3-D Laser Doppler Velocimetry (LDV) System

Laser Doppler Velocimetry (LDV), also known as Laser Doppler Anemometry (LDA), is an optical technique used to measure the velocity of fluid flows. It was invented in the 1960’s, following the development of the first continuous He-Ne laser source at Bell Laboratories in 1962. It was first applied to water flows by Yeh and Cummins (1964) at the Columbia Radiation Laboratory, and later applied to gas flows by Foreman, George and Lewis (1965) at the research laboratories of Brown Engineering Company (later Teledyne Brown Engineering).

LDV system at the Ven Te Chow Hydrosystems Laboratory. Photo credit: © J.M. Mier, 2010.

LDV system at the Ven Te Chow Hydrosystems Laboratory. Photo credit: © J.M. Mier, 2010.

 

Its working principle is based on the Doppler effect of the scattered light coming from micron-size tracer particles moving with the fluid. Two light beams are needed for each velocity component to be measured. At the location where the beams cross (known as the measurement volume) they generate a fringe pattern from which “flashes” of light from the tracer particles are reflected and measured.
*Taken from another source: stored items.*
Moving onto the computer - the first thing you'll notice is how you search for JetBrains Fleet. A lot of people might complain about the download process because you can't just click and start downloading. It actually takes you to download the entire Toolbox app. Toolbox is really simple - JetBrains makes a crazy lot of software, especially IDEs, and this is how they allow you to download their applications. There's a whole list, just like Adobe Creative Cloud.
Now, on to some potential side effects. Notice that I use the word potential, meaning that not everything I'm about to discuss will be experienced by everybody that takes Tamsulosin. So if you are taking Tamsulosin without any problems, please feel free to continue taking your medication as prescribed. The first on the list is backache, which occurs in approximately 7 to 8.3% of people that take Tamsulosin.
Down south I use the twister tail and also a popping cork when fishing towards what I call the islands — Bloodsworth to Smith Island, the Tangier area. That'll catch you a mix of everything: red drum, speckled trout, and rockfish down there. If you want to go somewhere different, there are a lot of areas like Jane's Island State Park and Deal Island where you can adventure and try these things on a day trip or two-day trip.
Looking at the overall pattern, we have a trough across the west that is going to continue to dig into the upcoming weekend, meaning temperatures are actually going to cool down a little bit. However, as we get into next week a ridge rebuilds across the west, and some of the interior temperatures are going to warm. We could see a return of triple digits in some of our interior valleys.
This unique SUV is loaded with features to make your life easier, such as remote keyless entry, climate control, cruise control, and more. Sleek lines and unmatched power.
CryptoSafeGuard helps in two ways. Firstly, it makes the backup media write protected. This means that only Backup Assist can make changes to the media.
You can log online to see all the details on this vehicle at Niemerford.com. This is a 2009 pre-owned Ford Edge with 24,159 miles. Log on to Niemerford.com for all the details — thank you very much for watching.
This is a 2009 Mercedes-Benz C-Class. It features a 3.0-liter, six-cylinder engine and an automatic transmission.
The geometry of the fringes (Δs) is accurately known a priori based on the optical configuration of the system, and the intensity signal of the scattered light provides a measurement of time between fringes (Δt), from which the velocity can be computed: V = Δs / Δt.

Sketch of LDV measurement volume and signal generated by the tracer particles, from which velocity is computed.
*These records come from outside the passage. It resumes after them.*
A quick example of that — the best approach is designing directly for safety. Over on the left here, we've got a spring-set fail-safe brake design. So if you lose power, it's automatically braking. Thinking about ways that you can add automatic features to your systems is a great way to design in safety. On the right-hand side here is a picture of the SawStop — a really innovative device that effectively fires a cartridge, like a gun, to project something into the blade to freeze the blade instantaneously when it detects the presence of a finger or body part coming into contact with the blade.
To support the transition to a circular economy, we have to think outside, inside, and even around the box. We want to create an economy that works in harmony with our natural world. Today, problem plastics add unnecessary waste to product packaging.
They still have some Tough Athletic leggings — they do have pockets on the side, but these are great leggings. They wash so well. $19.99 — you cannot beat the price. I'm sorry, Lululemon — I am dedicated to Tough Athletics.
Sketch of LDV measurement volume and signal generated by the tracer particles, from which velocity is computed.

 

The main advantage of optical measurement systems resides in the fact that measurements can be made from the outside of the flume, so the flow is not affected by the instrument, as opposed to other techniques. LDV systems perform measurements one point at a time, providing very high temporal resolution (up to 10,000+ Hertz) and very fine spatial resolution (in the order of 0.1 mm). These characteristics make LDV good for measurements very close to the boundaries and also for high turbulent flows. It is commonly found in the measurement of water and air flows, fuel injection and spray research and even in the biomedical field for blood flow.

Technical Information

Physical principle: Doppler effect
Direct reading of: Scattered light intensity
Inferred measurement of: Flow velocity
Spatial resolution: Point (micron scale)
Temporal resolution: > 10,000 Hz
Placement respect flow: Outside (optical access needed)

 

References

Albrecht, H., Borys, M., Damaschke, N., and Tropea, C. (2003). Laser Doppler and Phase Doppler Measurement Techniques, Eds. R. Adrian, M. Gharib, W. Merzkirch, D. Rockwell, and J. Whitelaw. Springer-Verlag, Berlin.
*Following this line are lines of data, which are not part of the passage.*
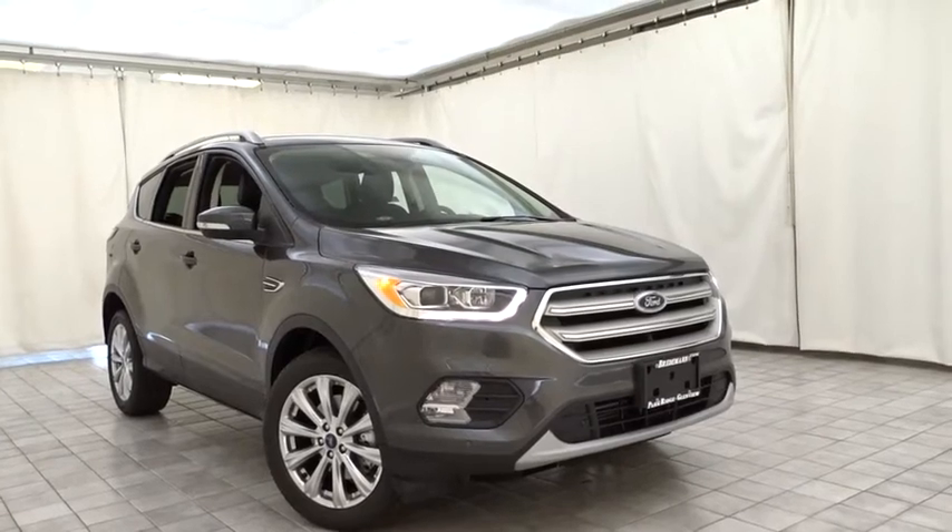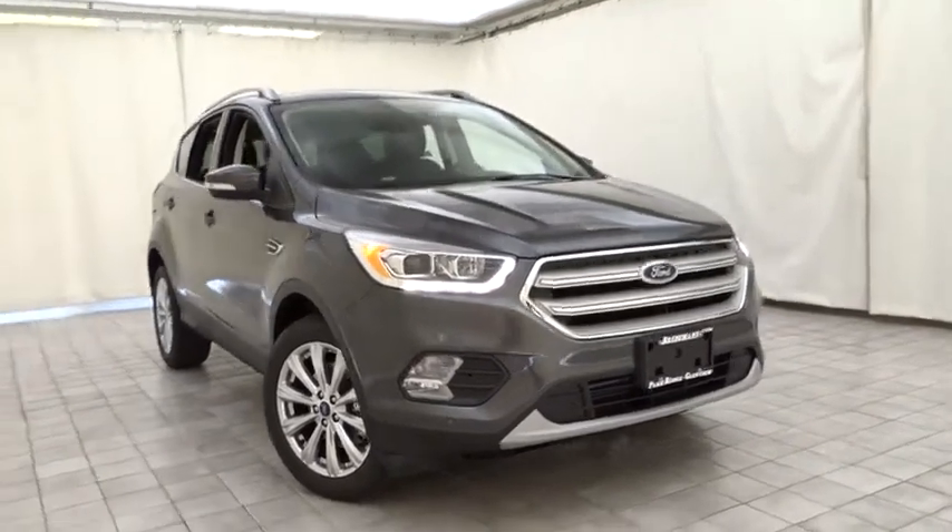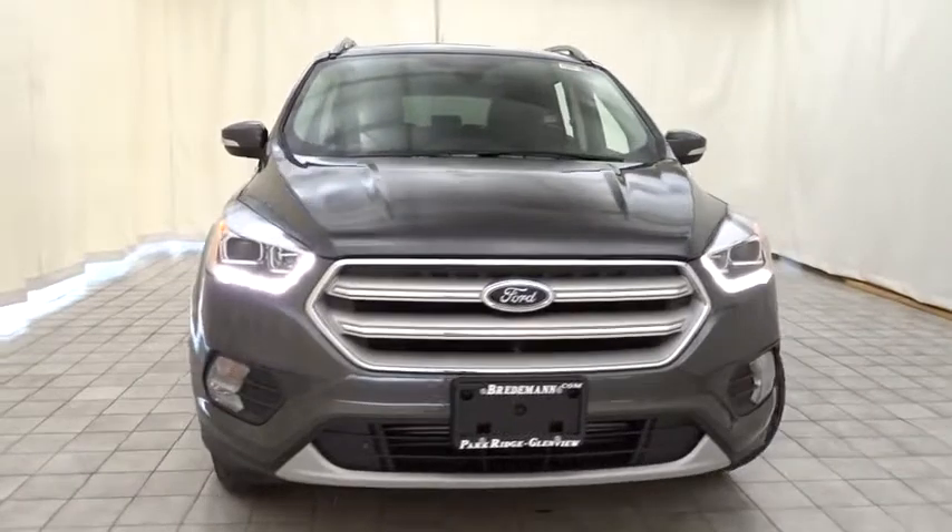2018 Ford Escape. Gas engines flex, tow, sip and go with Ford Escape.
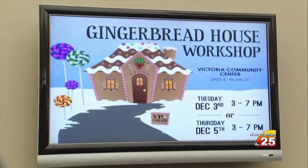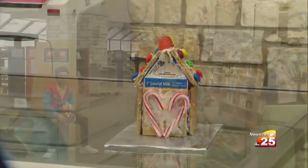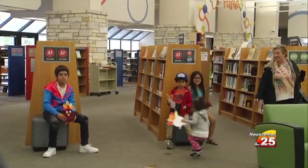The Gingerbread House Workshop will occur at the Victoria Community Center on Tuesday, December 3rd and Thursday, December 5th, from 3 p.m. until 7 p.m.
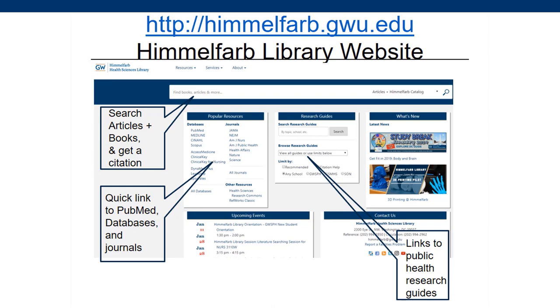We also link to our Health Sciences Research Commons Institutional Repository, a kind of online university press where you can archive a copy of your own Research Day posters and browse our faculty publications.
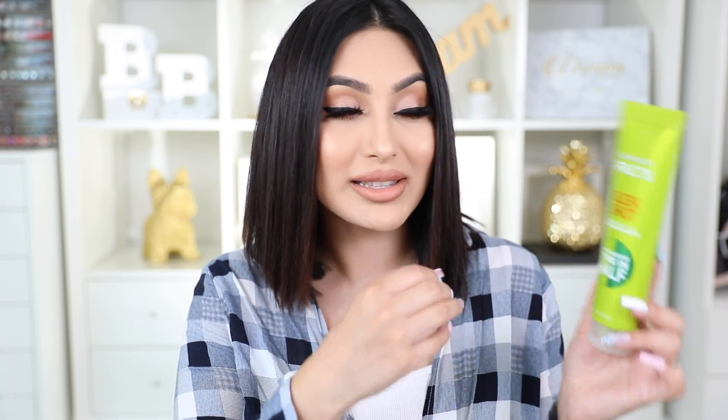So if you guys have been wanting to try something that will definitely cut your styling time in half, I definitely suggest checking out this baby. It's available at Target in stores and online, and it is so affordable — super super affordable, which I love about it. If you've never tried it, definitely recommend you check it out. You guys are gonna be obsessed.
Foreman, J.W., George, E.W., Lewis, R.D. (1965). “Measurement of localized flow velocities in gases with a laser Doppler flowmeter”, Applied Physics Letters, 7(4), 77-78.

Wikipedia (2011). “Laser Doppler Velocimetry”. http://en.wikipedia.org/wiki/Laser_Doppler_velocimetry

Yeh, Y. and Cummins, H. (1964). “Localized fluid flow measurements with an He-Ne laser spectrometer”, Applied Physics Letters, 4(10), 176-178.